1.16 The Future
The above is one of many case studies that will be provided in subsequent chapters. In each, the reader will be shown how data mining technologies are being used by innovative investigators, criminalists, and analysts to detect and deter crime and terrorism. These case studies will demonstrate first-hand how link analysis, software agents, text mining, neural networks, and machine-learning are being used for everything from signature detection of illegal drugs to alerts of bio-terrorist attacks. As we said in the beginning of the chapter, the world has changed and so have the weapons, expanding the application of AI technologies for detecting and deterring criminals.
In the aftermath of 9/11, the director of the FBI, Robert S. Mueller, acknowledged that the bureau might have prevented the attacks. "Putting all the pieces together, who is to say?" Mueller said, noting that warning signs amounted to "snippets in a veritable river of information." As part of a major reorganization, the director announced, "The Bureau needs to do a better job of analyzing data and put prevention ahead of all else." With that the FBI took a new strategic focus and a key near-term action to "substantially enhance analytical capabilities with personnel and technology and expand the use of data mining, financial record analysis, and communications analysis to combat terrorism." The future, it appears, has arrived.

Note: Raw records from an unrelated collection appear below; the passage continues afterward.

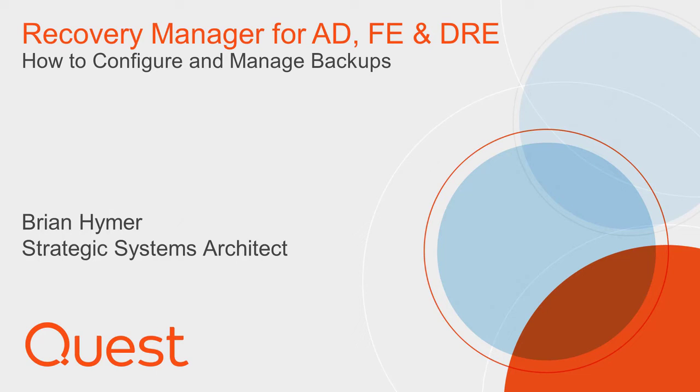Welcome back. In this video, I will teach you how to configure backups within Recovery Manager for Active Directory. I will also provide an overview of the options available for the computer collections. And finally, I will demonstrate how to properly manage existing backups.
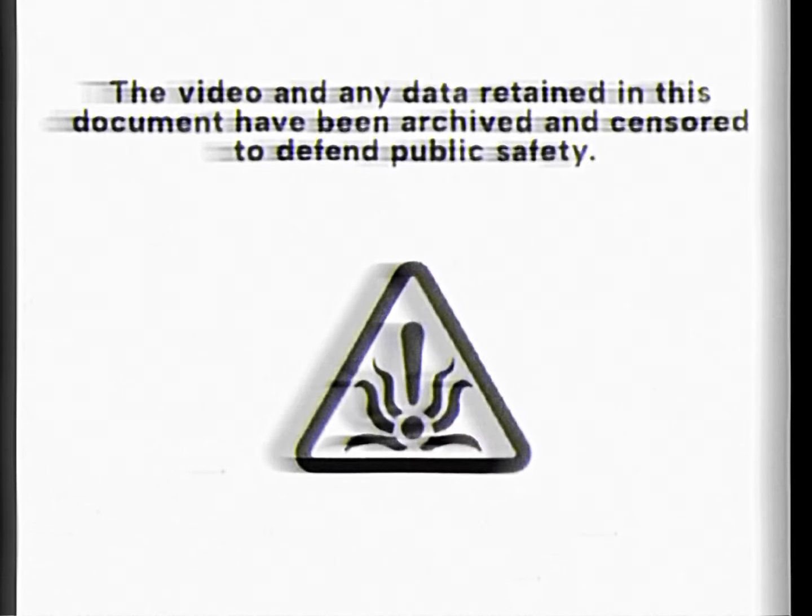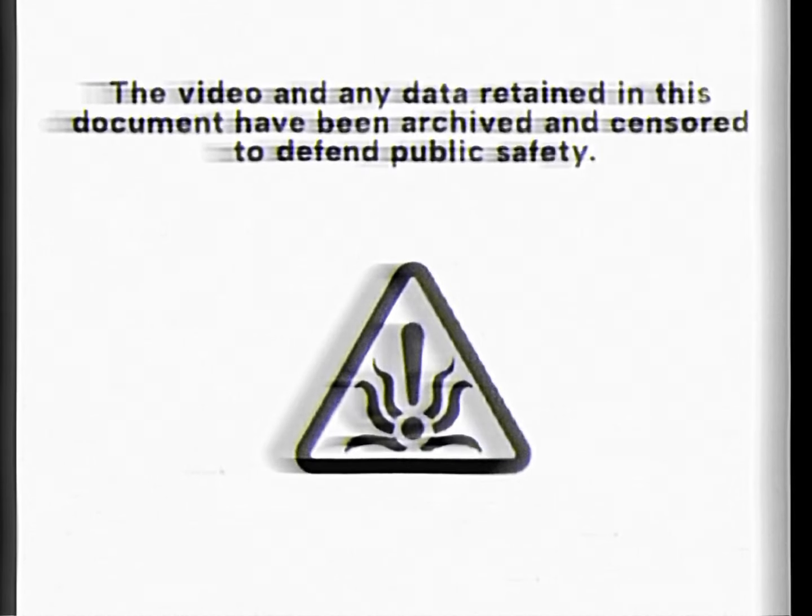The video and any data retained in this document have been archived and censored to defend public safety. Surviving witnesses to the August 16, 2012 incident, which took place at Overtum Park in the Kalyber Hills, described vividly the appearance of and experiences with the creatures they began to call long walkers.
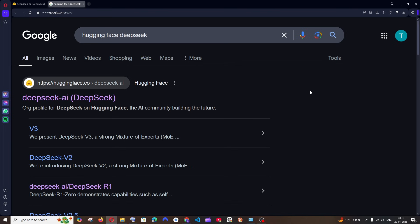Everybody is going crazy over DeepSeek's R1 model capabilities, but DeepSeek has also launched many other open-source models. In this video we are going to look at the Janus model, which is a multimodal model — meaning it can take an image as input, give us a response, and it can even generate images.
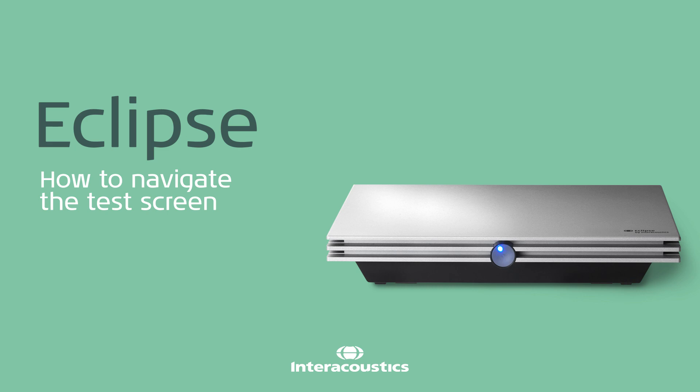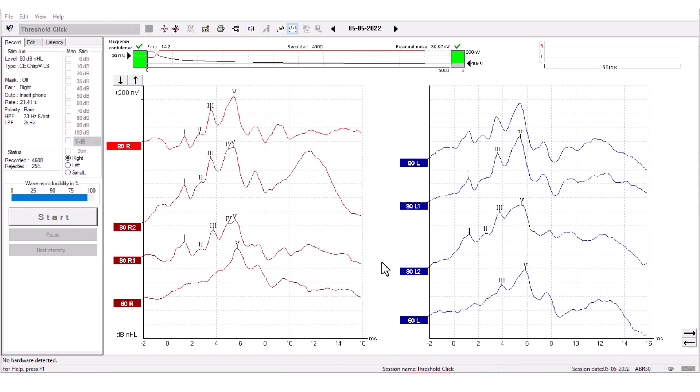How to navigate the Eclipse test screen. This is how you navigate the Eclipse test screen. The test screen is where all your waveforms are located.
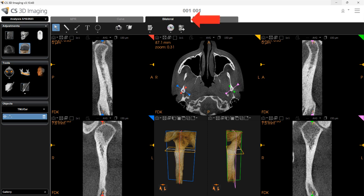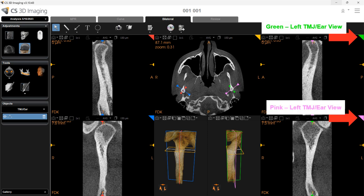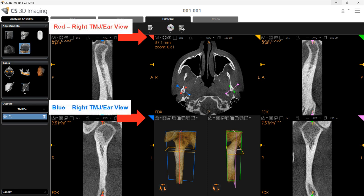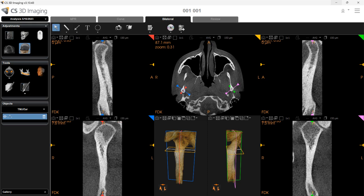Under the Bilateral tab, you can examine specific regions of interest in depth, specifically the TMJ or ear. The view screens that appear depend on the type of acquisition used. The bilateral tab has a green and pink tag that represent the patient's left TMJ or ear view. Green moves through slices going anterior to posterior through the joint, and the pink slices move right to left. The red and blue tag views represent the patient's right side. Red moves through slices going anterior to posterior, and blue moves through the slices right to left. These view screens appear when you draw a trace on the axial slice view.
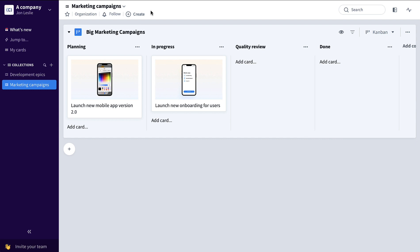Say I'm a marketing manager and I want to be able to track all of my campaigns, my large campaigns, at a very high level. As you can see here on this big marketing campaigns board, we have a couple of launch campaigns going through a high-level flow.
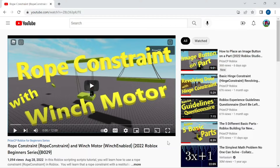Hello everyone! Welcome back to another PriceCP Roblox Studio tutorial. In this tutorial we're going to attempt to answer one of our viewer's questions.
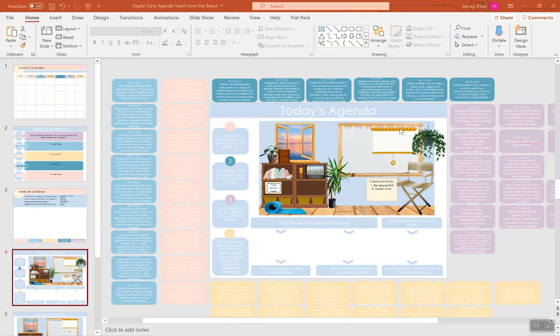Hello, my name is Ashley Bobble, and I'm going to show you how to use your daily agenda. Now, you can use this in PowerPoint, or you can use it in Google Slides. You can also use it as a tool for teaching on Zoom, or you can project it in your classroom.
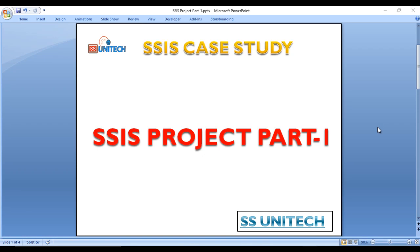Hello, welcome to SSCivilTech. Today I am going to discuss SSIS project part 1. First of all, I am very thankful to you all for watching and appreciating me for SSIS videos. Today I am going to record this video as per your request — as you are not working in SSIS but have learned about it. In an interview, the interviewer wants to know about your current project, so you can explain this project with the interviewer.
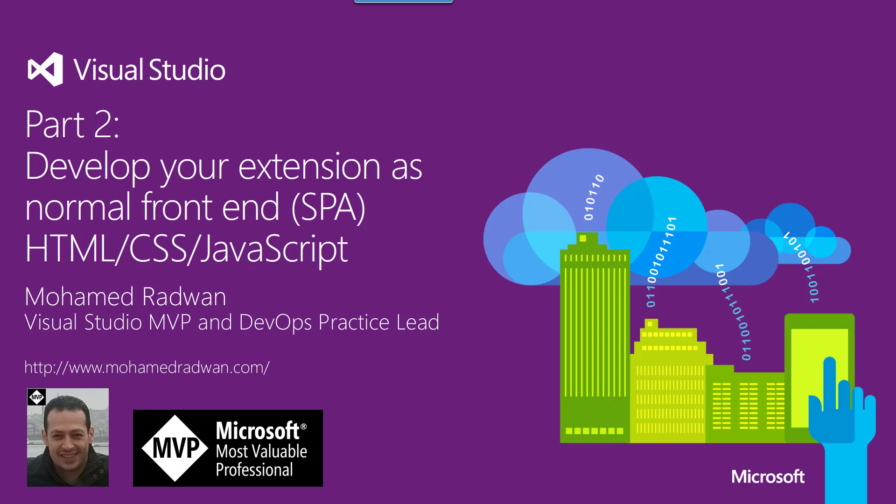Hello everyone, my name is Mohamed Radwan. I'm a Visual Studio MVP and DevOps practice lead. To continue on our series for how to create a Visual Studio Team Services extension and configure a continuous integration and continuous delivery pipeline.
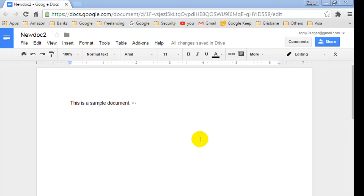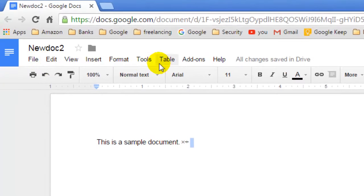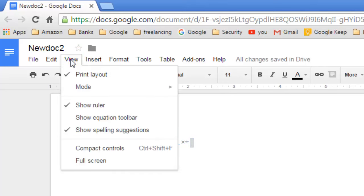In this video, I'm going to show you how you can hide the menu bar in Google Docs. I've opened a document in Google Docs and you can see the menu bar here. If you want to hide it, all you have to do is go to View and then click on Compact Controls.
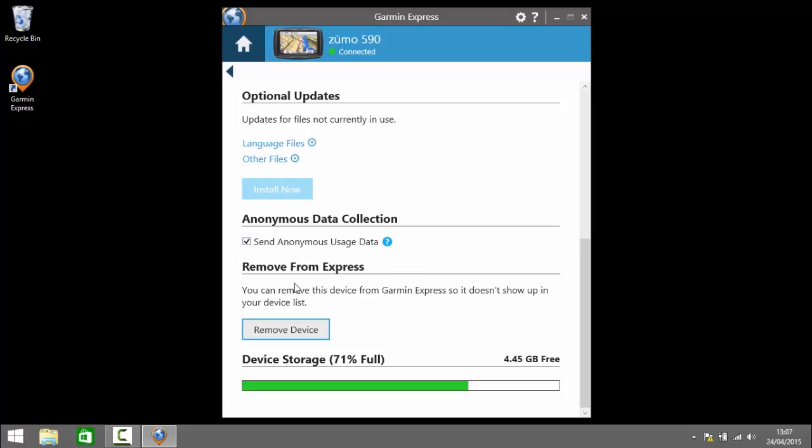Finally at the bottom here we've got remove from Express. So using this option here you can remove the current device from Garmin Express so it doesn't show up in the list. That would be worth doing perhaps if you no longer use the device or if you've given it to someone else or perhaps sold it.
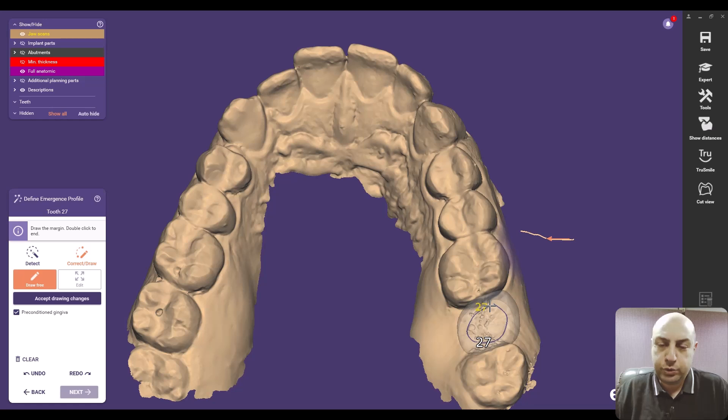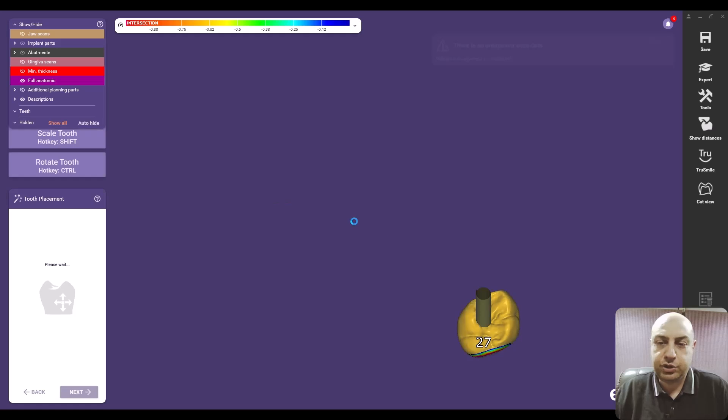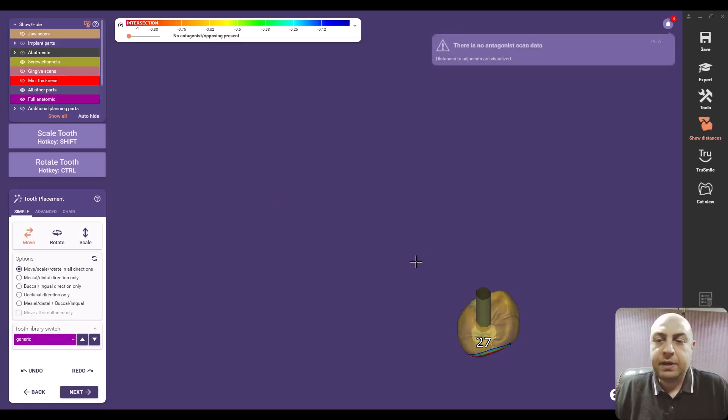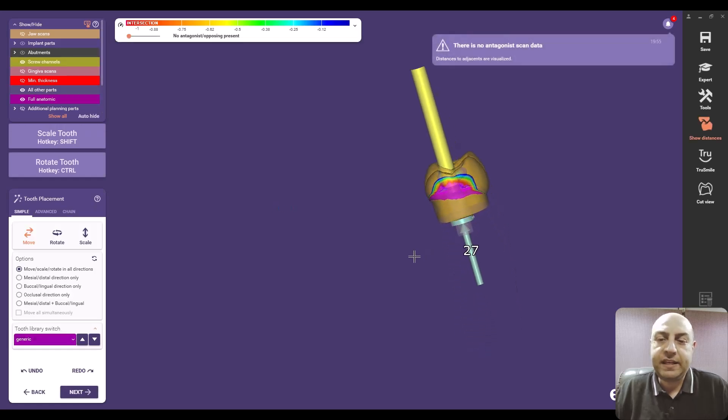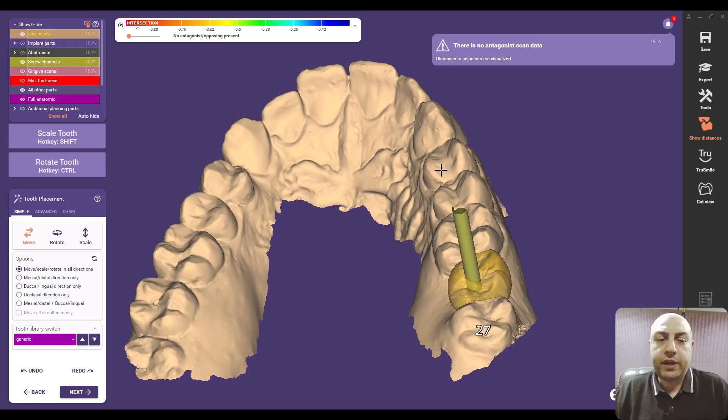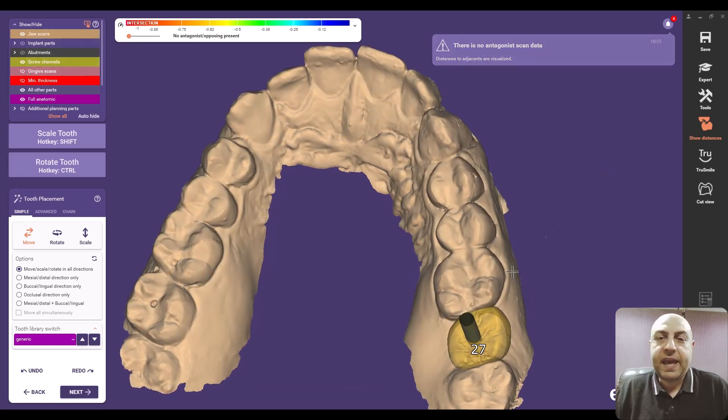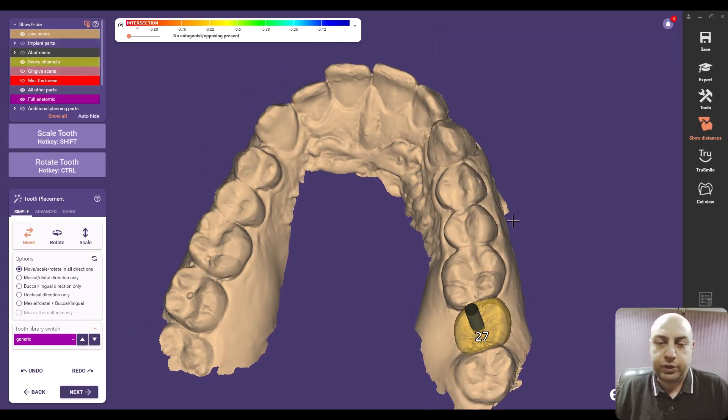And from there we can go on and on to design a restoration. I will not go through designing a restoration through Exocad because this needs another course, it's a huge topic but for now you know how to link Exoplan to your Exocad and start doing immediate load restoration.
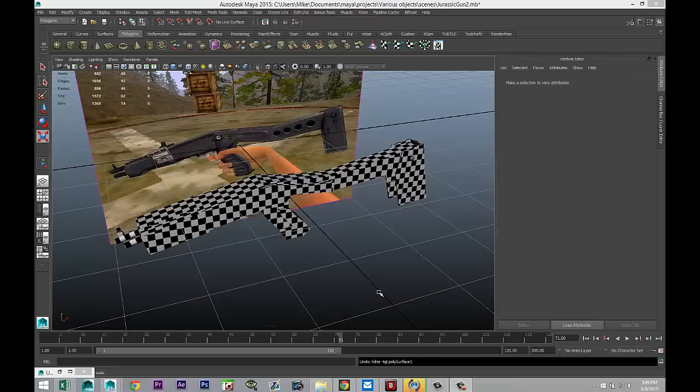Hey guys, Mike here at Amish Tutorials and welcome back to part 3 of our low-poly game asset. So like I said in the previous video, I got a request to do a very low-poly model, so this is it. In part 1 we modeled this weapon, and in part 2 we created the UV map.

Turvey, Brent. (1999) Criminal Profiling: An Introduction to Behavioral Evidence Analysis, San Diego: Academic Press.
Vellani, K., and Nahoun, J. (2001) Applied Criminal Analysis, Boston: Butter-worth-Heinemann.
Chapter 2: Investigative Data Warehousing
2.1 Relevant Data
One of the most difficult and frustrating phases of data mining is getting access to the right data. In government there are always issues between agencies and agreements to be sorted out, not to mention formats that need to be reconciled, all of which require several meetings before arrangements can be made. In private industry, there are the issues of privacy and cost. These are some of the minor, but very real, obstacles that accompany most data mining projects. Of greater significance are the issues revolving around what data is required for the desired objective. However, in the aftermath of 9/11 a new sense of urgency has evolved, in the face of which these obstacles pale in comparison to failing to resolve these data integration issues.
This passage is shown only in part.